> Exercise input
··········

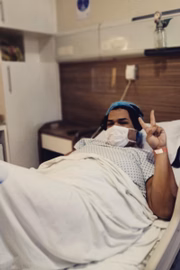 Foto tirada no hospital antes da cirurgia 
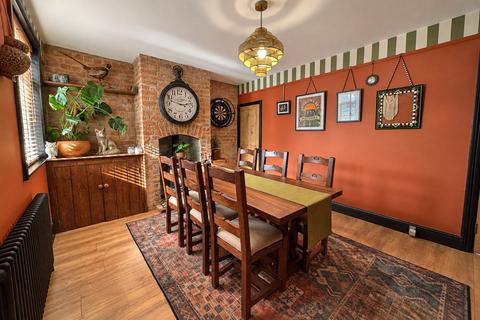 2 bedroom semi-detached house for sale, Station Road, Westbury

··········

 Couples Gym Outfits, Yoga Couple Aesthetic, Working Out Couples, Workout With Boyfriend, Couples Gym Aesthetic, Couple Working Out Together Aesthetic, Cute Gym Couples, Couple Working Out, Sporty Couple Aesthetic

··········

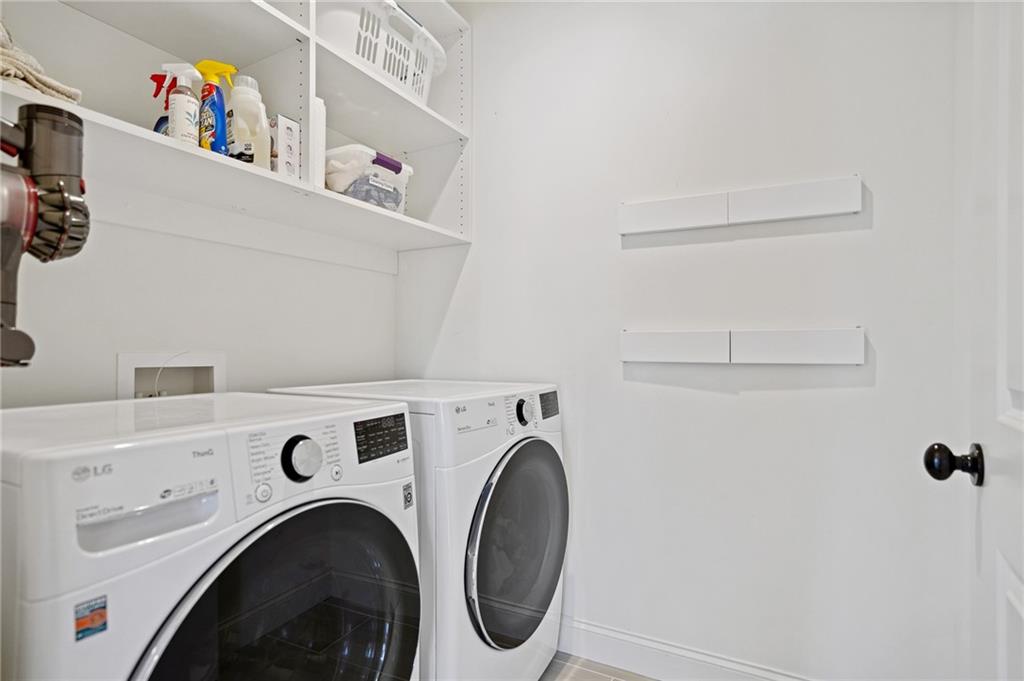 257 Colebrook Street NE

··········

> Task prompt
Using the data above, retype exactly the lines from the line with "Foto tirada no hospital antes da cirurgia" to the line with "2 bedroom semi-detached", inclusive. No pictures and nothing else.

> Reply
 Foto tirada no hospital antes da cirurgia 
 2 bedroom semi-detached house for sale, Station Road, Westbury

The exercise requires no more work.